爆笑問題カーボーイ向けに投稿したショートショートショートを公開します

偽家族

 孝夫には身寄りがなかった。元々一人っ子である上に、両親は数年前に既に他界していた。妻はおろか恋人もいない孝夫は、両親が遺した一軒家で一人寂しく過ごしており、夜寝るときに訪れる孤独の重圧に押しつぶされそな事が時折あった。

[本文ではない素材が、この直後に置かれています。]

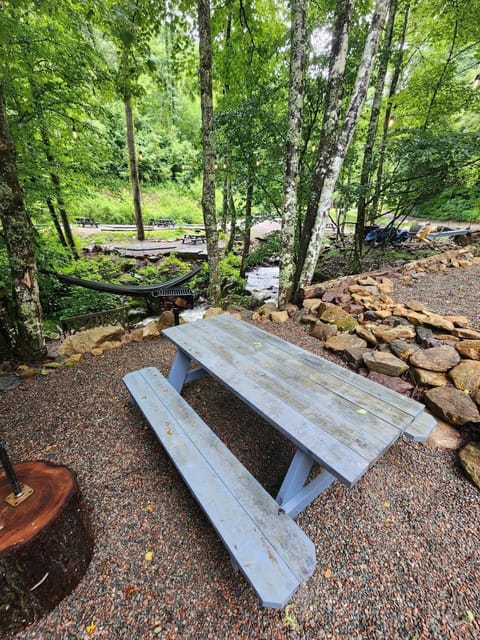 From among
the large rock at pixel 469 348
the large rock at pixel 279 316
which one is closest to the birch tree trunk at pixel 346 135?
the large rock at pixel 279 316

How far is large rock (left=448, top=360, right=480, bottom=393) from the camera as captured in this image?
154 centimetres

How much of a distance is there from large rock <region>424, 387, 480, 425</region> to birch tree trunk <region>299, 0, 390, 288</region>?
1.88m

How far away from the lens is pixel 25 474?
2.86 ft

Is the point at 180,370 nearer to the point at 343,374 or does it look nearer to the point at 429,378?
the point at 343,374

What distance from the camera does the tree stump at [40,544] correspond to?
710 mm

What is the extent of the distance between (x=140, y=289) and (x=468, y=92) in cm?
653

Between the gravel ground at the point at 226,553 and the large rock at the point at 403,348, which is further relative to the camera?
the large rock at the point at 403,348

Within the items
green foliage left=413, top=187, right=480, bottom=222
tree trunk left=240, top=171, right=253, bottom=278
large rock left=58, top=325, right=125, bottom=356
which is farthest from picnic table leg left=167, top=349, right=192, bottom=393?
green foliage left=413, top=187, right=480, bottom=222

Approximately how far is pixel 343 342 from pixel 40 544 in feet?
6.92

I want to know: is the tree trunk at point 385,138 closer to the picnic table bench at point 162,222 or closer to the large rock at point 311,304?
the large rock at point 311,304

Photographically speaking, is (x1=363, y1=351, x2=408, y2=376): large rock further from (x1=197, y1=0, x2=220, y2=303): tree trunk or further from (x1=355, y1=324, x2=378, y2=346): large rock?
(x1=197, y1=0, x2=220, y2=303): tree trunk

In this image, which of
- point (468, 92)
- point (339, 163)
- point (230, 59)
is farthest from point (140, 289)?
point (468, 92)

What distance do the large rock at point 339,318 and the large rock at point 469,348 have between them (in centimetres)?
78

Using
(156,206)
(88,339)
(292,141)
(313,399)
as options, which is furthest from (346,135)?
(156,206)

 ある日、孝夫が仕事から帰ると真っ暗であるはずの家の明かりが灯されている事に気付いた。うっかり自分が電気の消し忘れでもしたのかと思いつつ家に入ると、なにやら美味しそうな香りが漂ってくる。
「お帰りなさいあなた。今日は早かったのね」
 孝夫は驚いた。キッチンから美しい女性が向かって来るではないか。さらに驚いた事には、彼女は何も身に纏っていなかったのだ。
「すみません、あなたは誰ですか」
 女性はクスクスと笑った。
「またアレ言わせたいのね。はい、私はあなたを愛する妻です。これ何回言わせるつもり?」
 そう言うと女性はキッチンに戻ってしまった。
 孝夫は自身が孤独に耐えきれず、おかしくなってしまったのだと悟った。しかし現実の孤独に対峙するより、夢とも現実ともつかぬ世界で幸せに過ごした方がいいのではないかと思った。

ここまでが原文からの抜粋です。